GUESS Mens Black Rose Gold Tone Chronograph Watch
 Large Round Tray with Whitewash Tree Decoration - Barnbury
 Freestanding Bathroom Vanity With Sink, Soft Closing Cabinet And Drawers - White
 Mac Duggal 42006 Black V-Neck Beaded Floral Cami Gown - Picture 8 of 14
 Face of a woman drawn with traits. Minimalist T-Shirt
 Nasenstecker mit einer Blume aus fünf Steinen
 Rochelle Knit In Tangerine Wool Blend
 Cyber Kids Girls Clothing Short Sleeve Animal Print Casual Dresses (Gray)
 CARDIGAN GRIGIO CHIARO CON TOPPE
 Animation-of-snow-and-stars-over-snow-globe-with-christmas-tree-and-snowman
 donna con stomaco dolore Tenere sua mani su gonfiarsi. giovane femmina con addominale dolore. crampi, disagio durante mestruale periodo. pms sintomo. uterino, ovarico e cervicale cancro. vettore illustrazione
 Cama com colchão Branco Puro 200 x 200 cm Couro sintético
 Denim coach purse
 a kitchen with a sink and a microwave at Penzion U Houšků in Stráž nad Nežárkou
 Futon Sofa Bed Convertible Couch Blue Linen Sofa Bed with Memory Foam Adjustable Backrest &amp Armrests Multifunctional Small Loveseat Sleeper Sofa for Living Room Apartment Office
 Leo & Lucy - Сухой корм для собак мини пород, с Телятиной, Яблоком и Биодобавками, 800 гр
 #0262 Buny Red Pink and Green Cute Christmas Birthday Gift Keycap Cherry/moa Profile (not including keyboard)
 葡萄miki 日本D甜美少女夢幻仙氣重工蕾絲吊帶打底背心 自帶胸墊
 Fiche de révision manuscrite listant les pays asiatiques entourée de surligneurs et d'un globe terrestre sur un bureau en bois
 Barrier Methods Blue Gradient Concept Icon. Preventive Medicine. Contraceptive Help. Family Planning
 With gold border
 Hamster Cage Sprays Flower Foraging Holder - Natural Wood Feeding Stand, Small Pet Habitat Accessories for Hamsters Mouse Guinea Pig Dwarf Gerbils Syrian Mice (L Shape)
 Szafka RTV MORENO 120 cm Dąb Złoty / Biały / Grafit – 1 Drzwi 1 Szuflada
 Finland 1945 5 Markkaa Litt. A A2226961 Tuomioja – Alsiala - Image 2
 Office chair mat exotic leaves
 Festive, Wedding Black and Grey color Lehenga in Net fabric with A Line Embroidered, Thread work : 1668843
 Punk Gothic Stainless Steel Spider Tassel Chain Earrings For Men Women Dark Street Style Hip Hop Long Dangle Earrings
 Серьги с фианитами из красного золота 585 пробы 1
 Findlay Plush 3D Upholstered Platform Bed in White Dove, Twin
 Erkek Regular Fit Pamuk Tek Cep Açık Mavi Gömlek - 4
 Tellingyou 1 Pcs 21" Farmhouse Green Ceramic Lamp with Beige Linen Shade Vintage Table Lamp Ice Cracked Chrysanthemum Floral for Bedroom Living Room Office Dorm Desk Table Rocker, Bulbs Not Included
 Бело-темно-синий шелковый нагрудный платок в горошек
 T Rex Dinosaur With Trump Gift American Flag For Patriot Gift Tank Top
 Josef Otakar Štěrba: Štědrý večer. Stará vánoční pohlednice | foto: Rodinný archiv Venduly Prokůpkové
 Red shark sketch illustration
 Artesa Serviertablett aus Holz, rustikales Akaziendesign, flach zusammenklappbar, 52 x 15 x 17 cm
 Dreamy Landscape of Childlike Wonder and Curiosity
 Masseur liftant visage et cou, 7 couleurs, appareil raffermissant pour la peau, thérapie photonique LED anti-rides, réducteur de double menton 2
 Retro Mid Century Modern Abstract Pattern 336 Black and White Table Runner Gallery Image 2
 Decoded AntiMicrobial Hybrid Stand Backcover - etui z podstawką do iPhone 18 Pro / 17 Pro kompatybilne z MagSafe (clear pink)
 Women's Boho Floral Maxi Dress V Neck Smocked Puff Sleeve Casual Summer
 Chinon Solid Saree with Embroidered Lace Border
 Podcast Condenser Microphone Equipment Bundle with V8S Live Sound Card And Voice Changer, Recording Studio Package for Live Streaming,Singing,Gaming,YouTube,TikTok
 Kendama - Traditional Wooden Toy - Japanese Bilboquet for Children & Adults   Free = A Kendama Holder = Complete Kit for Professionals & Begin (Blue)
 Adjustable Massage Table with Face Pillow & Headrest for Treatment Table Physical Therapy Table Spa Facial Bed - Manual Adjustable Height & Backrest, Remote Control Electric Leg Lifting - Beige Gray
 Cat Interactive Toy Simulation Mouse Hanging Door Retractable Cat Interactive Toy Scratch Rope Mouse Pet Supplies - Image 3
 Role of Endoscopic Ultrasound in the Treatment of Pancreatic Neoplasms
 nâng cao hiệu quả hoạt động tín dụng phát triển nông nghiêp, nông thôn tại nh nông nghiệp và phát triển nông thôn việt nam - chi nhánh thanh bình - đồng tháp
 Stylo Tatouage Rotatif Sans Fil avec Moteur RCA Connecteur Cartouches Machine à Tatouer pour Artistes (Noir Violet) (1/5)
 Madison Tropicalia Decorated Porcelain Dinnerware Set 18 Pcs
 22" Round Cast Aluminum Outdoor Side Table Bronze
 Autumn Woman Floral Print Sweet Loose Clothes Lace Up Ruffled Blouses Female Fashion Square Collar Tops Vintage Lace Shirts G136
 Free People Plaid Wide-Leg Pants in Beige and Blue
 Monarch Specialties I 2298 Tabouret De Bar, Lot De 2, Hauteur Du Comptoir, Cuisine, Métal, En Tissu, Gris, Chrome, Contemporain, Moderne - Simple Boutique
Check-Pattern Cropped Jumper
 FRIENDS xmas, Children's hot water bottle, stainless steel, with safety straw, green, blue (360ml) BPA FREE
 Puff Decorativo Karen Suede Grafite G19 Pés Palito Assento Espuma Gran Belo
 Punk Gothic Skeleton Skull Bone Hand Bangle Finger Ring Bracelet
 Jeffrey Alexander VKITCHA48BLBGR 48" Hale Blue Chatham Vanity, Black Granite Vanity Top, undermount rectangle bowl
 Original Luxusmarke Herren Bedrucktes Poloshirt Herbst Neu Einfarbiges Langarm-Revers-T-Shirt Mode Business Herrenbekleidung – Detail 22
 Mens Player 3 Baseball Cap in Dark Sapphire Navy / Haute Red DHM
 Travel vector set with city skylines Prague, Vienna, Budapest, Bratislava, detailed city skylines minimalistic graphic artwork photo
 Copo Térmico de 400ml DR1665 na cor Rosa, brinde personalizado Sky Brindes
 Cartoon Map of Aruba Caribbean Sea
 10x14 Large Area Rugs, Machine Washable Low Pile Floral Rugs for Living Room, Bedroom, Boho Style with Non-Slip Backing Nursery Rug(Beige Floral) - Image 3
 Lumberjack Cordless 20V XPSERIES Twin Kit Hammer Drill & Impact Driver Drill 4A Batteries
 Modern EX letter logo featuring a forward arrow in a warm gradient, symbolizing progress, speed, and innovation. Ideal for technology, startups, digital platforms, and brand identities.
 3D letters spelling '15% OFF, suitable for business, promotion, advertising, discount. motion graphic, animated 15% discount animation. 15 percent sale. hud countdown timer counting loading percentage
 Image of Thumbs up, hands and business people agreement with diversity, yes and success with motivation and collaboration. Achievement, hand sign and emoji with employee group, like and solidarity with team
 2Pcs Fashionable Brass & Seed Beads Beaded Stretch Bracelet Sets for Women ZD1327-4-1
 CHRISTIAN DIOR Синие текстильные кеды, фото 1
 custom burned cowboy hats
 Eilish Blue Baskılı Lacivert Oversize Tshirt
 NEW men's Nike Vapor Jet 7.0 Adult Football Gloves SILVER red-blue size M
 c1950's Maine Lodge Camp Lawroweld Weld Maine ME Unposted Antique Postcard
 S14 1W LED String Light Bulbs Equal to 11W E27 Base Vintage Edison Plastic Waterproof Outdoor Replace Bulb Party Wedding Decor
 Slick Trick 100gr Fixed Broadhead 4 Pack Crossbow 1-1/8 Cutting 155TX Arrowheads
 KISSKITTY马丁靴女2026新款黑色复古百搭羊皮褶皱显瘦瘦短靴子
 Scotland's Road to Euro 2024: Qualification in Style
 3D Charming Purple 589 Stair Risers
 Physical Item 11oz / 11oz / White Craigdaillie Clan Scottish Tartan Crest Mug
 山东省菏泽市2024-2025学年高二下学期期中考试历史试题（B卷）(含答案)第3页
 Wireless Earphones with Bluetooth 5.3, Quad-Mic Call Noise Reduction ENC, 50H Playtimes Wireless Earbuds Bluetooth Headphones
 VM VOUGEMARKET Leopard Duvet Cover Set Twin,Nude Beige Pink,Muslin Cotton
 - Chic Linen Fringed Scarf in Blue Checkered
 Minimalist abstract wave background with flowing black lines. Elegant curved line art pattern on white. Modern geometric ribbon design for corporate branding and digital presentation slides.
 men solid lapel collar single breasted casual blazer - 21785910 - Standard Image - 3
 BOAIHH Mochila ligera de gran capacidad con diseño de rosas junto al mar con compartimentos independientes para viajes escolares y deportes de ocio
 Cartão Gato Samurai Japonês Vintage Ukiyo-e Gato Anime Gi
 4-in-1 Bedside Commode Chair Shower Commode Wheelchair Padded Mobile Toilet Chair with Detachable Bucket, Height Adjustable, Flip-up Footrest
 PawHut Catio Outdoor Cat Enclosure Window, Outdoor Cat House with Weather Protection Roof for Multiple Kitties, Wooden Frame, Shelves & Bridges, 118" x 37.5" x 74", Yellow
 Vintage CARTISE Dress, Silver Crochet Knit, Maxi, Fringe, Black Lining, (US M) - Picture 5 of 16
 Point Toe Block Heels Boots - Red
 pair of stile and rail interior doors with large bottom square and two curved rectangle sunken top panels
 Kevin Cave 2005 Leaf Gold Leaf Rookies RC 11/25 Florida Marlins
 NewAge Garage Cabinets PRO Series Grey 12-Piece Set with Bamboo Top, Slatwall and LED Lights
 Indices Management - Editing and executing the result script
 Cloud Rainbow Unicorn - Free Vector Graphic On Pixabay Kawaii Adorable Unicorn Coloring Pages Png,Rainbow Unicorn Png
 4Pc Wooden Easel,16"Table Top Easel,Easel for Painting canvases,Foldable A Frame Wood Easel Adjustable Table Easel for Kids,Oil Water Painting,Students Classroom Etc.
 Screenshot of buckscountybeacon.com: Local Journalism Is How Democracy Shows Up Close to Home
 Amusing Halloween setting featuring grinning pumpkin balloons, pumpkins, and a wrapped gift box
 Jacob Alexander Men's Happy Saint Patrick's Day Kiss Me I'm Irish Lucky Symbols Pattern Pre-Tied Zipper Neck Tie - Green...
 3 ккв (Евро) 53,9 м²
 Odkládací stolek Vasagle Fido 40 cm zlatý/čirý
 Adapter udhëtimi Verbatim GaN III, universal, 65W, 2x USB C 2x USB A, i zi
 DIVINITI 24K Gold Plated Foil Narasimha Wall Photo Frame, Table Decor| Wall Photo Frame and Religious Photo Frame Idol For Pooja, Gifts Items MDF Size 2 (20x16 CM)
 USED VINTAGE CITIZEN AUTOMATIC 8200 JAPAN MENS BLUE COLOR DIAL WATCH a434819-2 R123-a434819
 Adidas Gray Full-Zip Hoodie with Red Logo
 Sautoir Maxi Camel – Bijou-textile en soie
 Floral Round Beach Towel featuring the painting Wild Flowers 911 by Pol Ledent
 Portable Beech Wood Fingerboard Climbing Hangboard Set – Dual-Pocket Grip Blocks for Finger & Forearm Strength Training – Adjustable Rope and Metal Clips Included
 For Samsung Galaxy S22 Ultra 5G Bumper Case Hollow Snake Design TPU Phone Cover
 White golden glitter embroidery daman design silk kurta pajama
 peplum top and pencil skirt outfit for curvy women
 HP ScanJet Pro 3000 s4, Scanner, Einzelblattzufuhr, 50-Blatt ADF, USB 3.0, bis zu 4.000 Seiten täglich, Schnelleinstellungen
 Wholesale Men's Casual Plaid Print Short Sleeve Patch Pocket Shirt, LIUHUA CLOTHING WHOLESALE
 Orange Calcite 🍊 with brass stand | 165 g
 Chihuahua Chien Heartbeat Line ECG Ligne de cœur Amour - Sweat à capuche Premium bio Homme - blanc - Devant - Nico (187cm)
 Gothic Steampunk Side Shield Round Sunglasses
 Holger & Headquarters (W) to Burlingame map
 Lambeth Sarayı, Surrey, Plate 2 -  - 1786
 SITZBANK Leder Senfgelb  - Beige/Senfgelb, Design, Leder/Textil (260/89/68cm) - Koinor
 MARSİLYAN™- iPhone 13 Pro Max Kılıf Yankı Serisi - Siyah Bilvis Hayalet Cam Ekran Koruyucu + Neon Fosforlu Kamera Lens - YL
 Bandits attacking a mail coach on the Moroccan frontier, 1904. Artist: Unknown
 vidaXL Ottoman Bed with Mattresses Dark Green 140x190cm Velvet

- **EXERCISE DESCRIPTION**
Give back the records word for word. Start at the first line, end at the line containing "Nasenstecker mit einer", and include both.

- **ANSWER TO THE PROBLEM**
GUESS Mens Black Rose Gold Tone Chronograph Watch
 Large Round Tray with Whitewash Tree Decoration - Barnbury
 Freestanding Bathroom Vanity With Sink, Soft Closing Cabinet And Drawers - White
 Mac Duggal 42006 Black V-Neck Beaded Floral Cami Gown - Picture 8 of 14
 Face of a woman drawn with traits. Minimalist T-Shirt
 Nasenstecker mit einer Blume aus fünf Steinen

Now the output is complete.